Tomasi di Lampedusa narrates how, soon after Italy’s unification, the honest Piedmont’s official Chevalley [Piedmont, at that time an advanced region, unified Italy in 1861] was sent to implore the Sicilian Prince of Lampedusa [the author's great-grandfather and protagonist of the novel,] to represent Sicily in the new Italian Senate, “in order to remedy the state of material poverty, of blind and moral misery in which the Sicilian people find themselves, your own people!”

The Prince, smiling and inviting Chevalley to sit down with him on the sofa for a while, answered with the same words he had uttered with some English who, before Giuseppe Garibaldi conquered Palermo, were asking what all these Northern Italians, these Garibaldini, were doing in the South of Italy.

They are coming to teach us good manners – replied the Prince in English – but they won’t succeed, because we are gods.

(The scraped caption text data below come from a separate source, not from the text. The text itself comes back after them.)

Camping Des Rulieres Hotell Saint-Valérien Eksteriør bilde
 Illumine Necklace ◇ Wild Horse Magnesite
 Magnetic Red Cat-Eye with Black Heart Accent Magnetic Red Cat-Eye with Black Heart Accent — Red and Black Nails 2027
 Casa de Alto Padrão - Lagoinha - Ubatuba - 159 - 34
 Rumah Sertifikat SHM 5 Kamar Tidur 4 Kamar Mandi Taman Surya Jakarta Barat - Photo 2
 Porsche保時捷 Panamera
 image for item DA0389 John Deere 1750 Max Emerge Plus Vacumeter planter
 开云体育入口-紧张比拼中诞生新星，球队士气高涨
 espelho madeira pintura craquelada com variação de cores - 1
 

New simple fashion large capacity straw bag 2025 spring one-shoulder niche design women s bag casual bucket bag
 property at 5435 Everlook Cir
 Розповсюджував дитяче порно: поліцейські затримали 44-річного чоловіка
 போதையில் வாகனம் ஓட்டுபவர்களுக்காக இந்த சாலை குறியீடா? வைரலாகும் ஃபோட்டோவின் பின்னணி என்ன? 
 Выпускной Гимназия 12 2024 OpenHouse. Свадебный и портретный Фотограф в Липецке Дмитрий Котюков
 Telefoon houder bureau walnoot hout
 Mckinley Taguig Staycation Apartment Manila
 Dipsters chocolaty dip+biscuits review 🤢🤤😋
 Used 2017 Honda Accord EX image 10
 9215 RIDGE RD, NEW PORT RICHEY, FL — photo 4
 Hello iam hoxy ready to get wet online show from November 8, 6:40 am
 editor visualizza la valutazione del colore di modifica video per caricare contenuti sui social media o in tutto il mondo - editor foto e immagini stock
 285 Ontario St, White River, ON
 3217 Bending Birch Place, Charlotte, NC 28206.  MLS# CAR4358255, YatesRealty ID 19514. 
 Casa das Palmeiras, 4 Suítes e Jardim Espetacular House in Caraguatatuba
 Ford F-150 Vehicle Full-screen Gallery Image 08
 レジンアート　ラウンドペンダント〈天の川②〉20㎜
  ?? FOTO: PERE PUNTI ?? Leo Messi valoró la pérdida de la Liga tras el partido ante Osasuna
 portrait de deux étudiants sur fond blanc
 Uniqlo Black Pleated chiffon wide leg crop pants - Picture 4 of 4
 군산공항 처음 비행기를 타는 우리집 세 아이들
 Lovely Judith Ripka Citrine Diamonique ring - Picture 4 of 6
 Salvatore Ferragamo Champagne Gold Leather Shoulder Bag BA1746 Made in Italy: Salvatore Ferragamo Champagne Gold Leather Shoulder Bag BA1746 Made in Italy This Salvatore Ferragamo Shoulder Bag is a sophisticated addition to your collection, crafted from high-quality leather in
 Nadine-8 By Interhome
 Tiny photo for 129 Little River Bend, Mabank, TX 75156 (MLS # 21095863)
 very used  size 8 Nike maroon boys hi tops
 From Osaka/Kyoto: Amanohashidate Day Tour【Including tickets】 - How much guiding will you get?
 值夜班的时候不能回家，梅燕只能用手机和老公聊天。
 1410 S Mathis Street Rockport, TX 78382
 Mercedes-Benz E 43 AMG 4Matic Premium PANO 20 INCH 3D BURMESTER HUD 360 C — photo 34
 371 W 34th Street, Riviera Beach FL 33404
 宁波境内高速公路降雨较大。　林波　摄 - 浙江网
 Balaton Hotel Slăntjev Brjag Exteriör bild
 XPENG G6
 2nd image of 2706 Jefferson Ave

Then in the end (with poor, decent Chevalley in total dismay because of the Prince’s denial) the aristocrat added that things in Sicily had not changed and will never change for that ‘sense of superiority that glitters in the eye of every Sicilian, that we ourselves call pride (fierezza,) but which is actually only blindness.’

An enlightening, though gloomy, reflection.

The Leopard. Burt Lancaster and Claudia Cardinale

Note. This ‘pride which is actually blindness’ can be said of all great civilizations on earth that were. If we are worth for what we were, we are much much worthier for what we are.

Past greatness can be a richness, and a consolation, but is not enough.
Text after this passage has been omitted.